* EXERCISE DESCRIPTION
Copy each line below exactly as it appears. Pictures are to be omitted.

* RECORDS FOR THE TASK

▬▬▬

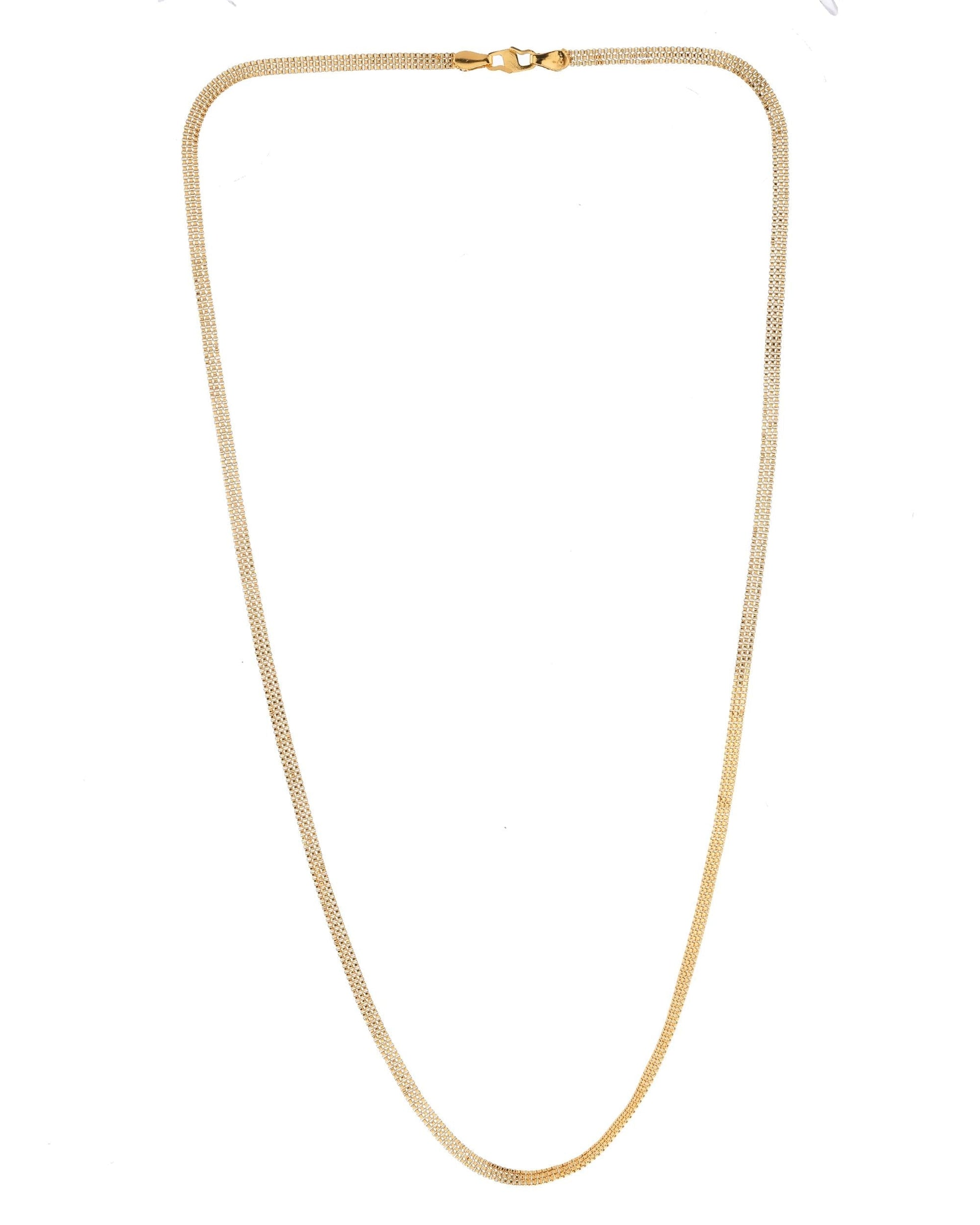 VOJ Gold-Polished Designer Box Men Chain 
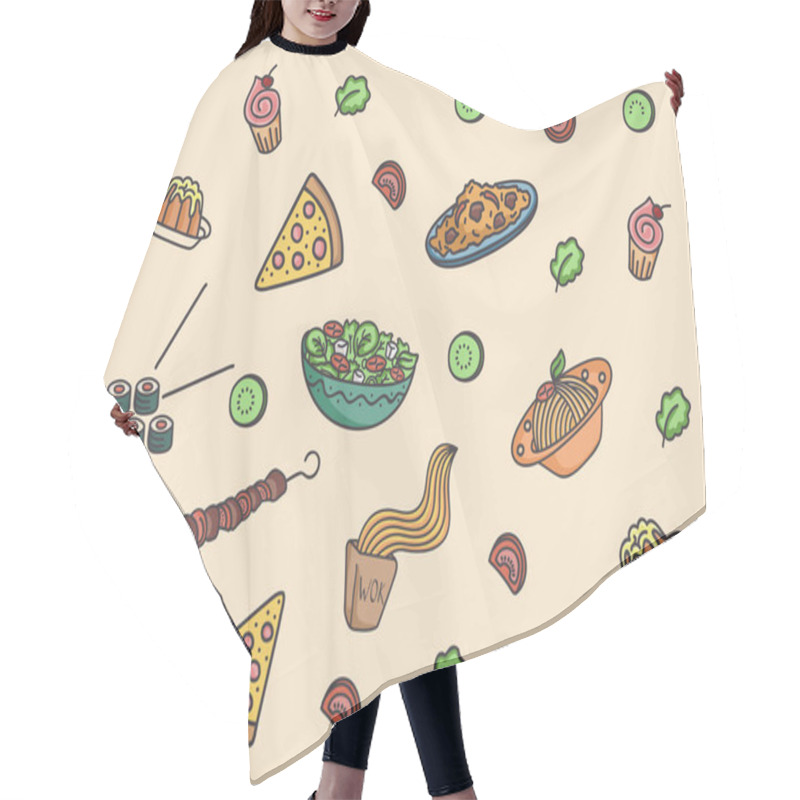 Personality  Cartoon Vector Food Pattern Hair Cutting Cape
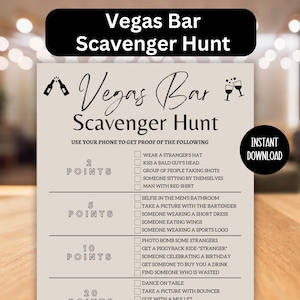 Vegas Bachelorette Bar Scavenger Hunt, Bar Crawl, Bar Games, Adult Scavenger Hunt, Birthday Bar Crawl, Ladies Night Games, Pub Crawl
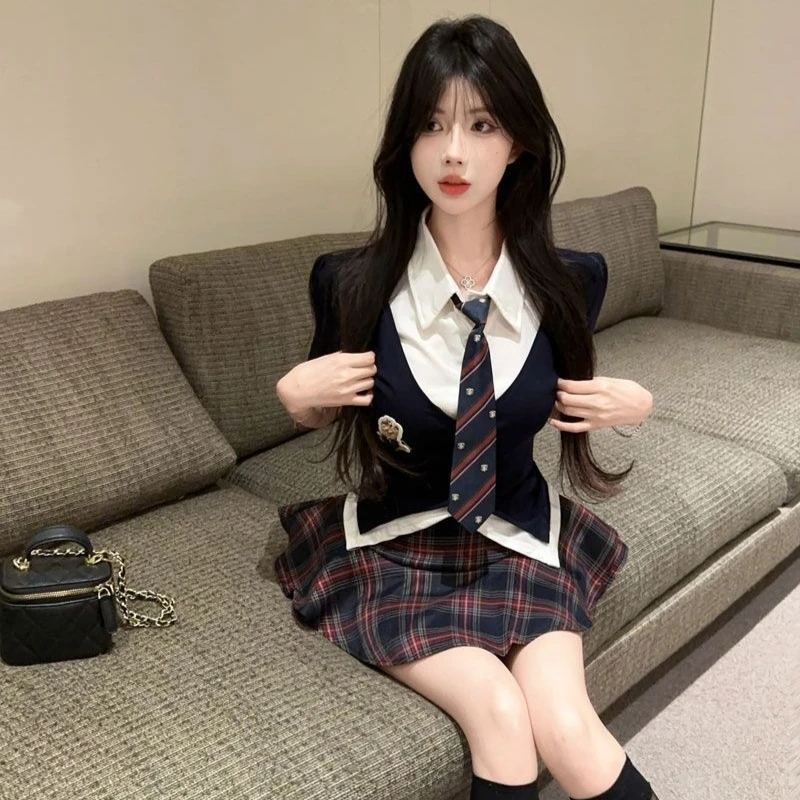 Japanese Preppy Style 2 Piece Sets Women Sweet Fake Layer Short Sleeve Slim Tops Plaid Frill Skirt Korean Harajuku Y2k JK Suit
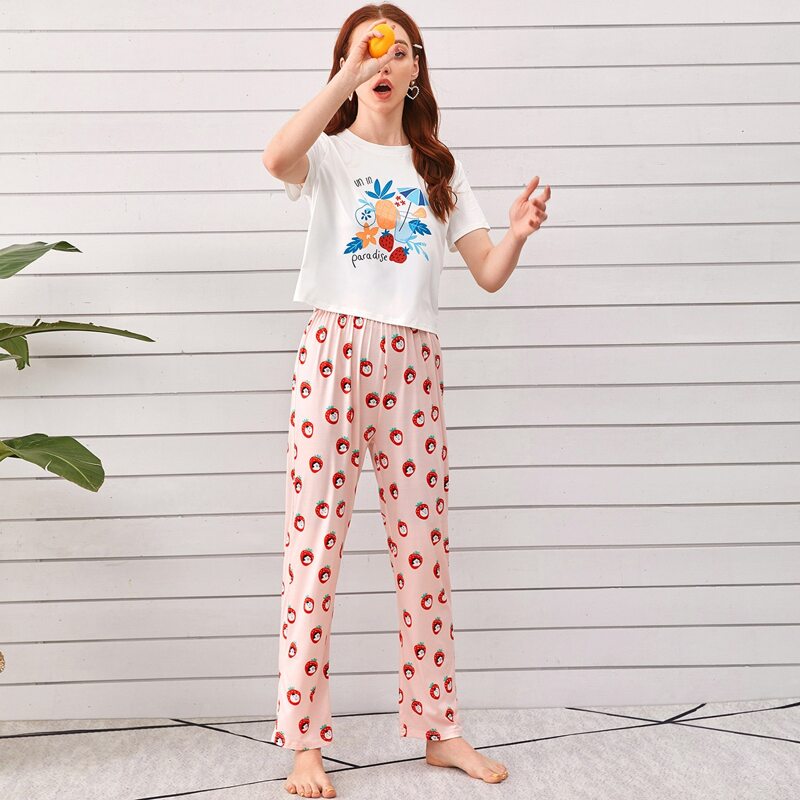 

Cartoon & Fruit Print PJ Set, Multicolor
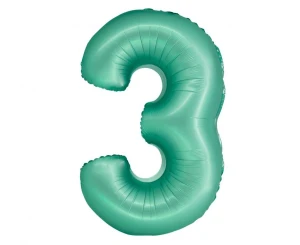 Balon foliowy Smart Cyfra 3 matowy miętowy 76 cm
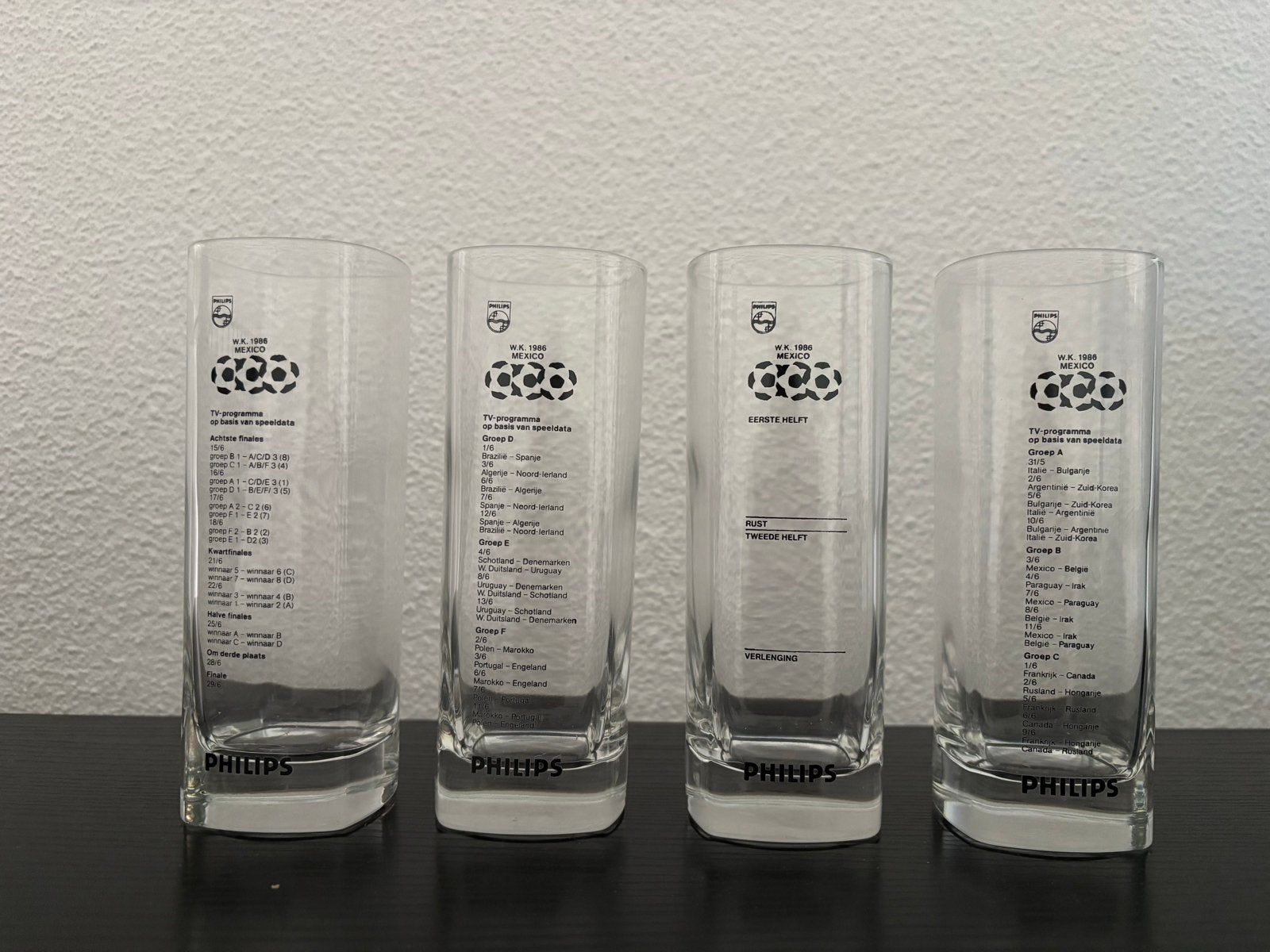 Philips WK Voetbal 1986 Mexico Herinneringsglazen (4 stuks), Ophalen of Verzenden, Zo goed als nieuw, Overige merken, Glas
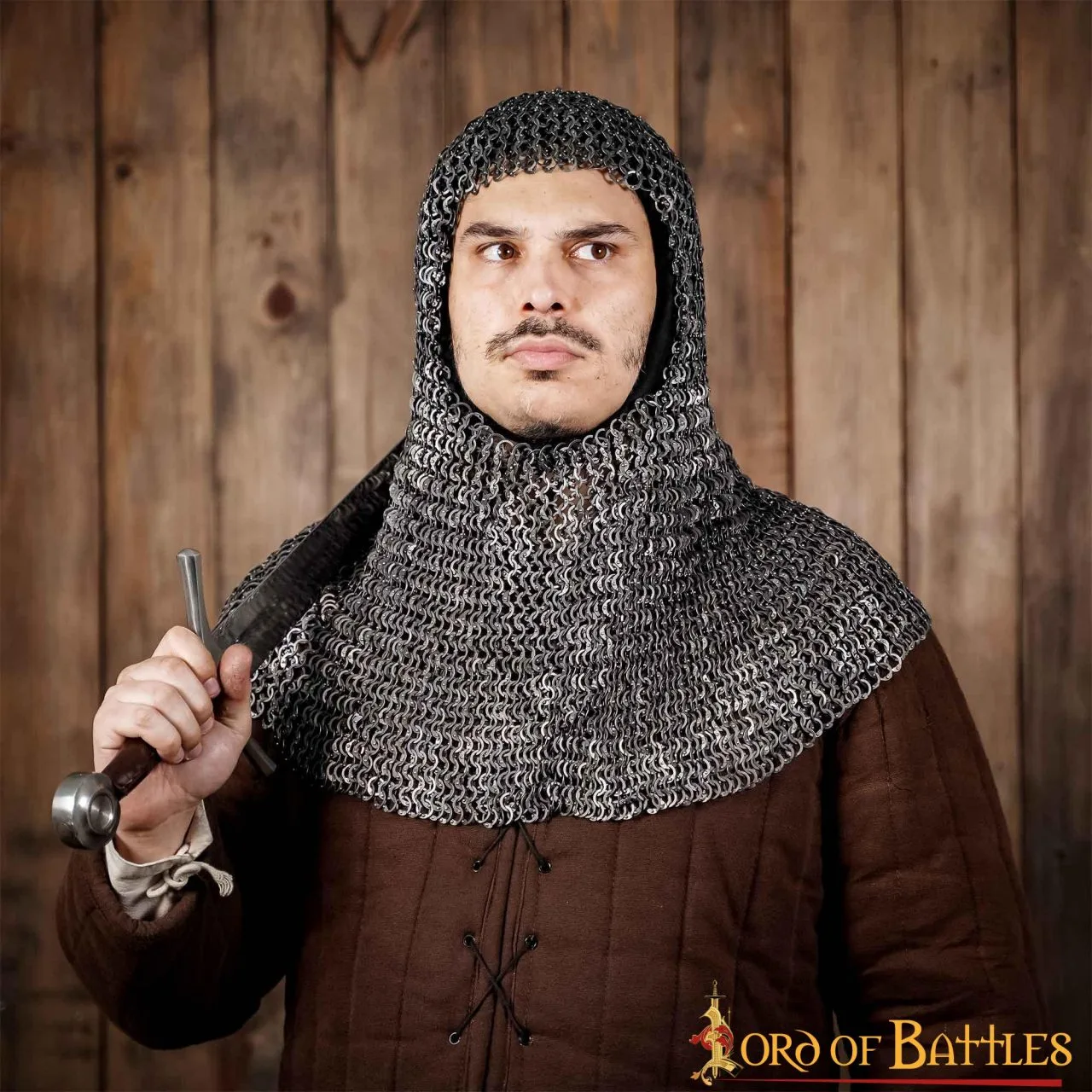 Flat Ring Chainmail Classic Coif, Riveted, ID 9 Mm, Natural - Image 4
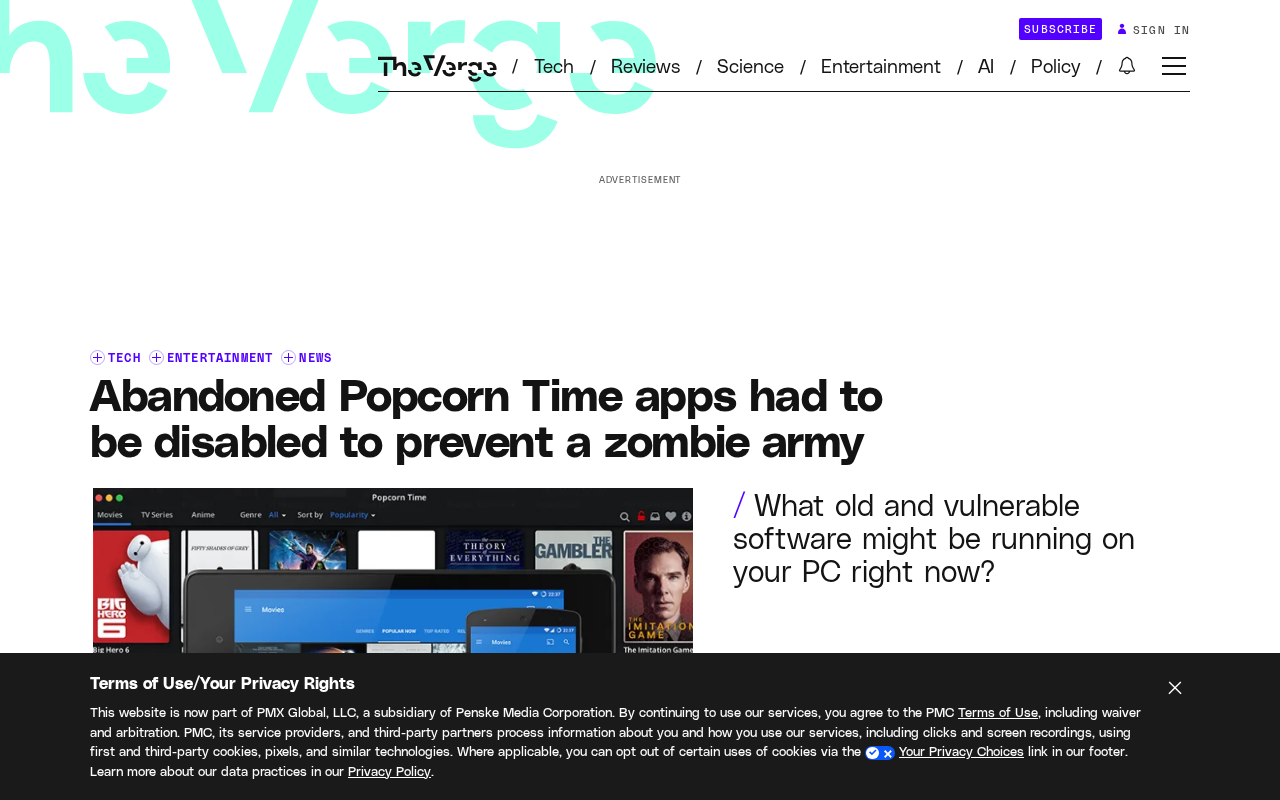 被弃用的Popcorn Time:为何要禁用百万僵尸应用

▬▬▬

* WRITTEN REPLY
 VOJ Gold-Polished Designer Box Men Chain 
 Personality  Cartoon Vector Food Pattern Hair Cutting Cape
 Vegas Bachelorette Bar Scavenger Hunt, Bar Crawl, Bar Games, Adult Scavenger Hunt, Birthday Bar Crawl, Ladies Night Games, Pub Crawl
 Japanese Preppy Style 2 Piece Sets Women Sweet Fake Layer Short Sleeve Slim Tops Plaid Frill Skirt Korean Harajuku Y2k JK Suit

Cartoon & Fruit Print PJ Set, Multicolor
 Balon foliowy Smart Cyfra 3 matowy miętowy 76 cm
 Philips WK Voetbal 1986 Mexico Herinneringsglazen (4 stuks), Ophalen of Verzenden, Zo goed als nieuw, Overige merken, Glas
 Flat Ring Chainmail Classic Coif, Riveted, ID 9 Mm, Natural - Image 4
 被弃用的Popcorn Time:为何要禁用百万僵尸应用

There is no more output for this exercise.